Glad to see you back 'home' at the club John!

Be sure to bring the young ones to the Club next Monday - as it is Kid's Night. All members will be available to coach or instruct beginner players - or just play chess games.It's always a good time for the kids and the parents! Stop on in.

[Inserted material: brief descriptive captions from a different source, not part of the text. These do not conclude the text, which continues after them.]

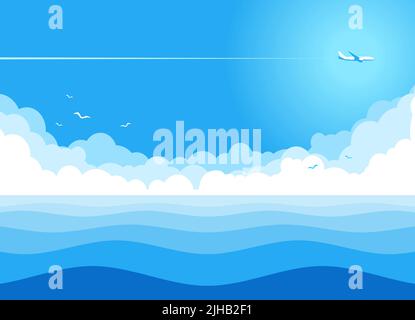 Aereo che vola nel cielo blu con le nuvole sul mare blu. Piano bianco sull'oceano blu. Illustrazione, sfondo vettoriale Illustrazione Vettoriale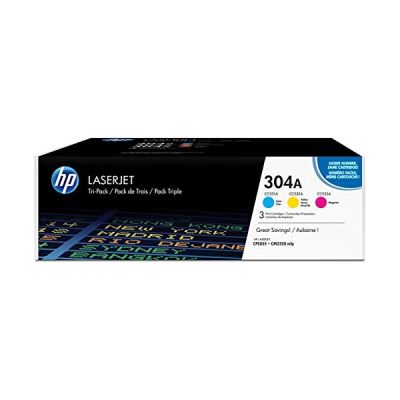 HP 304A CF372AM pack de 3, toners d'origine, cyan magenta et jaune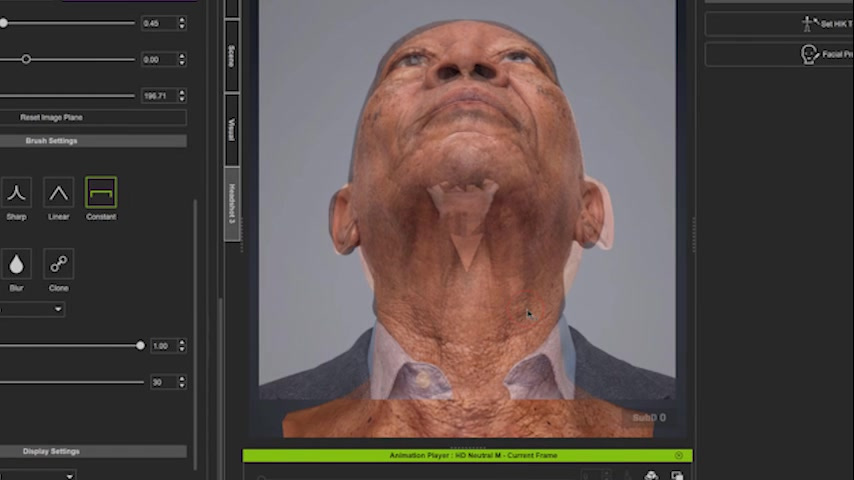 The generated under-chin image is aligned to the posed 3D head and projected onto the missing area. The projection also produces normal and roughness information. 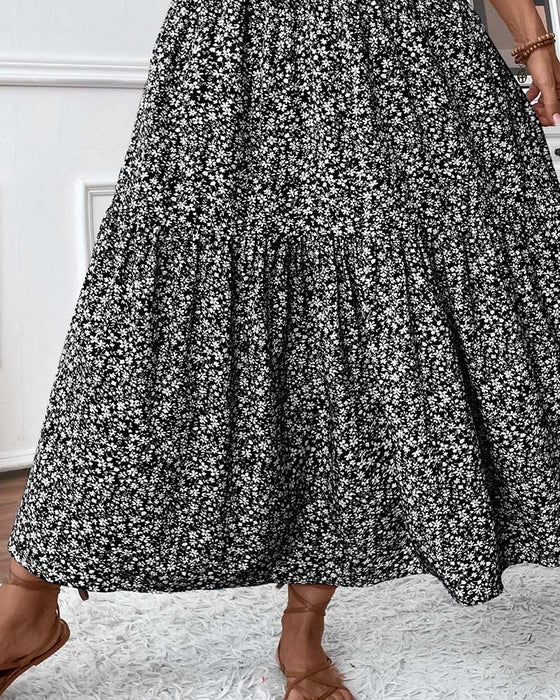 Layered Tiny Flower Print A-Line Long Skirt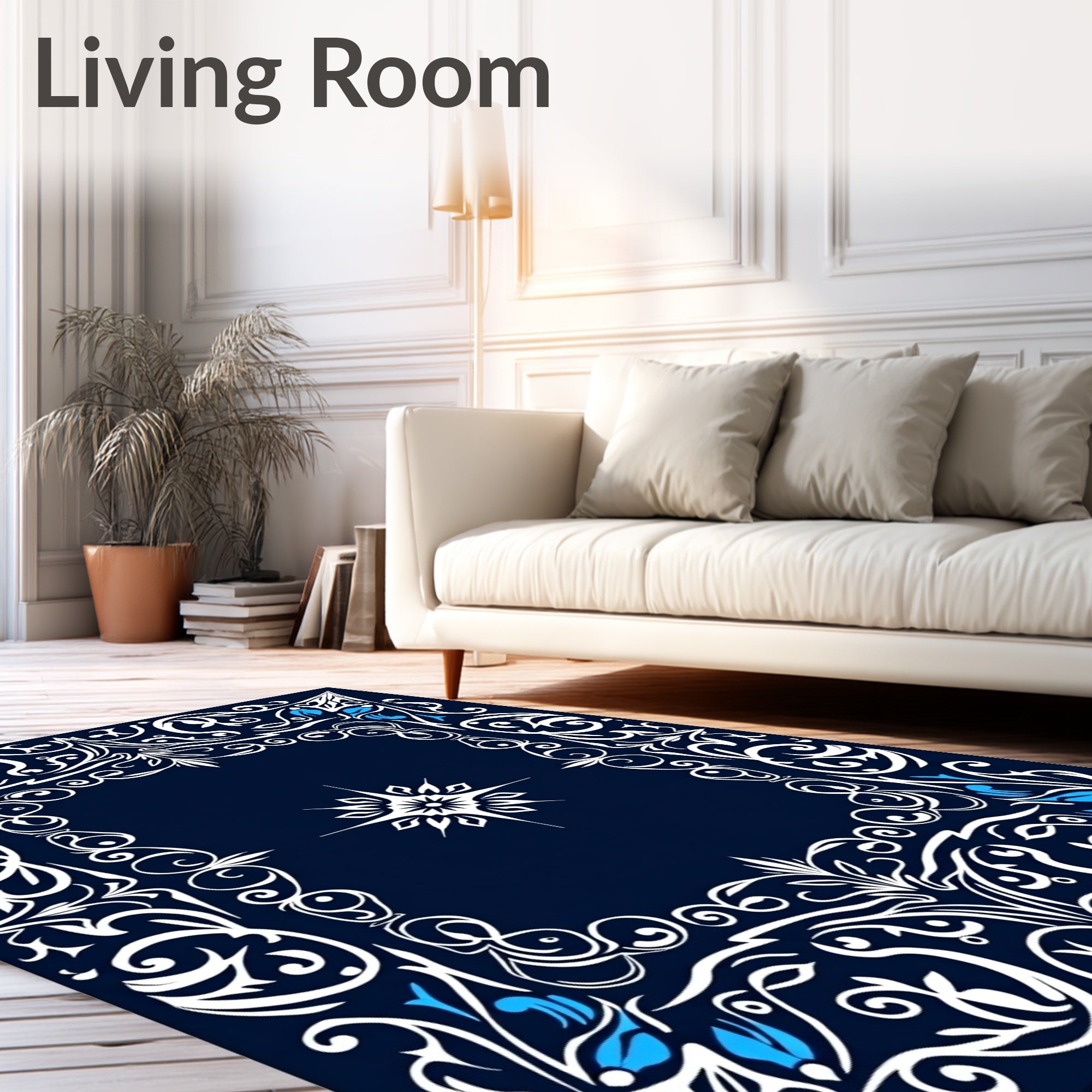 Ornate Blue White Floral Scrollwork Rug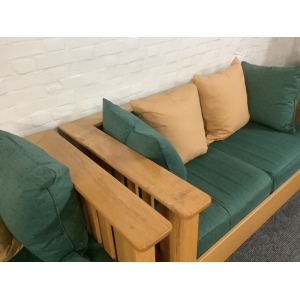 A Substantial Pair Of 3 Seater Settees In Solid English Light Oak.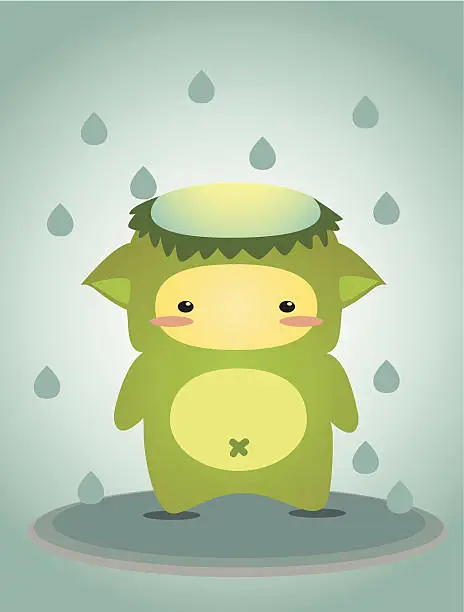 Vector illustration of Sad kappa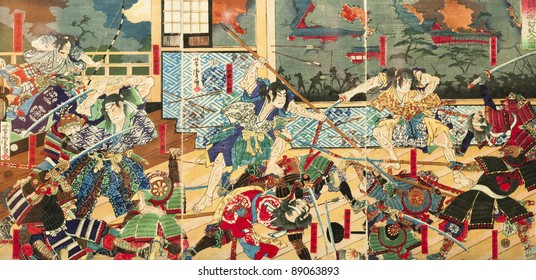 Samurai battle on old vintage Japanese Traditional paintings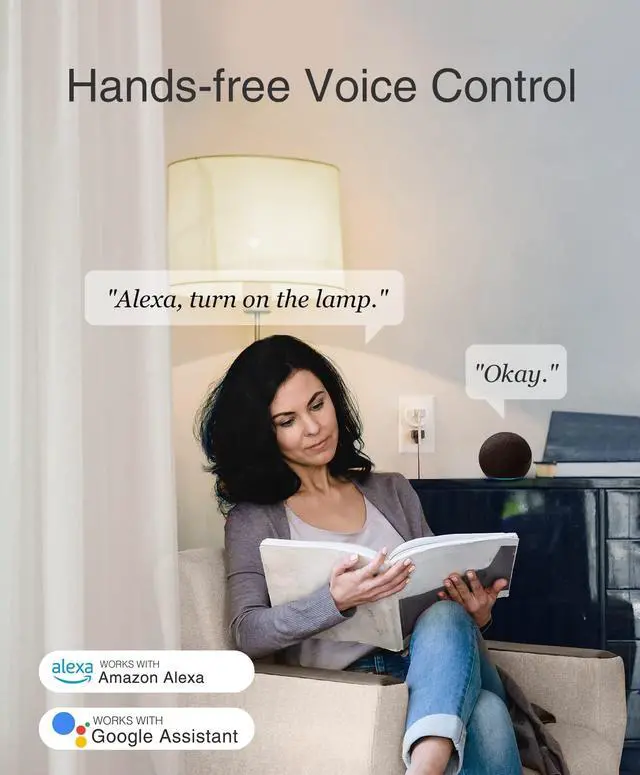 Alt view image 2 of 7 - GHome Smart Mini Smart Plug Works with Alexa and Google Home, WiFi Smart Outlet Socket Remote Control Timer Function, Only 2.4GHz Network, No Hub Required, ETL FCC Listed, White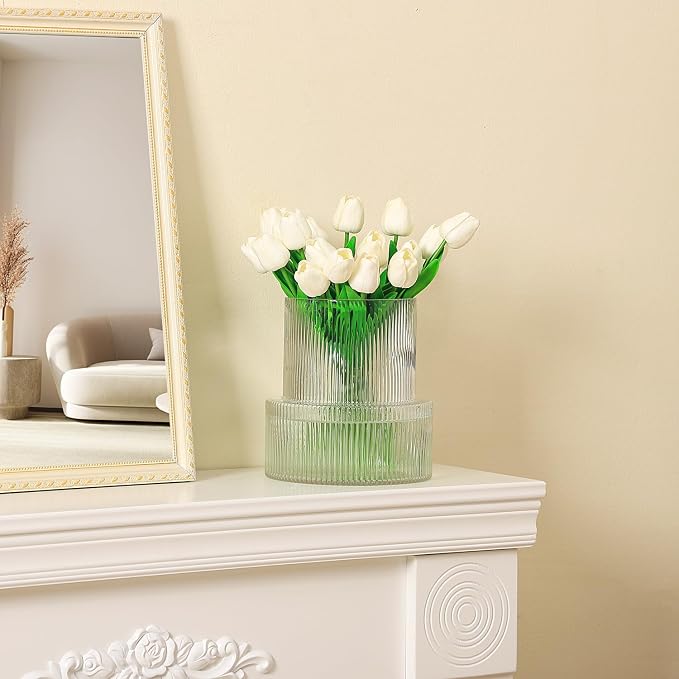 Ribbed Glass Vase, Large Glass Vase - Image 3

Now for an interesting game played at the 2016 Washington International Chess Tournament. The 15 year old American International Master (IM) Nicolas Checa is facing Grandmaster (GM) Ilya Smirin of Israel in the third round!
The Belarus born and Russian trained Smirin moved to Israel, and has won an Olympic bronze medal. His rating peaked at 2701 in 2001, and has been a tough opponent at the highest level of chess competition.
This would be a daunting challenge for any player to face. Let's see what happens:

White: (IM) Nicolas Checa, USA
Black: (GM) Ilya Smirim, Israel
Opening: King's Indian Defense: Classical

1. d4            Nf6
2. Nf3          g6
3. c4            Bg7
4. Nc3         d6
GM Smirin is a legendary expert in the King's Indian Defense and has written a best selling book on this very opening!

5. e4            O-O
6. Be2         Nbd7
Smirin goes for a side line. The main line is 6. ...e5  7. O-O, Nc6 8. d5, Ne7

7. O-O         a5
8. Be3         h6?!
Not normal and not the best. Smirin may not have been eager to see how well his young opponent is prepared for his pet line. Never the less, Smirin is very well aware he is making a risky decision.  The move prevents an intrusion to g5, but it doesn't help Black's cramped position. 8. ....Qe7 was best. Will Checa see that? White has a lead of one pawn (+1).

9. dxe5        dxe5
Position after Black's 9th move.

This move by Black is forced or Smirin is in deep trouble. The other capture 9. ....Nxe5? 10. Nxe5, dxe5 11. Qc1!

10. h3?!          c6?
This move by White prevents ....Ng4 but it was a serious waste of time that should have cost him his advantage. But Black plays the wrong queen-side pawn forward. Correct was 10. ....b6 to free the bishop. The text move doesn't help Black's position. White's lead grows to (+1.6).

11. Qc1        Kh7
12. Rd1       Qe7
13. c5!         Nh5
14. Rd6?      Nf4?!
15. Bc4       Nf6
16. Bxf4      exf4
17. Qxf4      Nd7
18. Qe3       b6?

This is definitely a serious mistake by Smirin, which returns White's advantage to close to (+2). Necessary was 18. ....Ne5 to hold the game.

19. Rad1     Nxc5
There was nothing wrong with White playing 19. Rxc6, Bxc3 20. e5 and White is a healthy pawn up.

20. e5          Qc7
21. Ne4       Nxe4
22. Qxe4     Bf5?
The game is just over now. White has a (+2.5) lead, which is nuclear in the hands of a chess master. Smirin needed to play 22. .....Qe7.

23. Qh4!      Rae8
24. e6!         fxe6??
Panic in a lost position. White's advantage is now (+8.5).

25. Rd7       Qc8
Position after Black's 25th move

 The final blow is next in the form of a deflection of Black's queen.

26. Ba6!      Qxa6
27. Ng5+      Resigns

In lieu of
27. ......        Kh8
28. Rxg7!    Kxg7
29. Rd7+     Kf6
30. Nh7+     Ke5
31. Qd4 ++

A memorable game early in the career of this emerging American prodigy. It is not everyday a player of Smirin's caliber loses a game like this.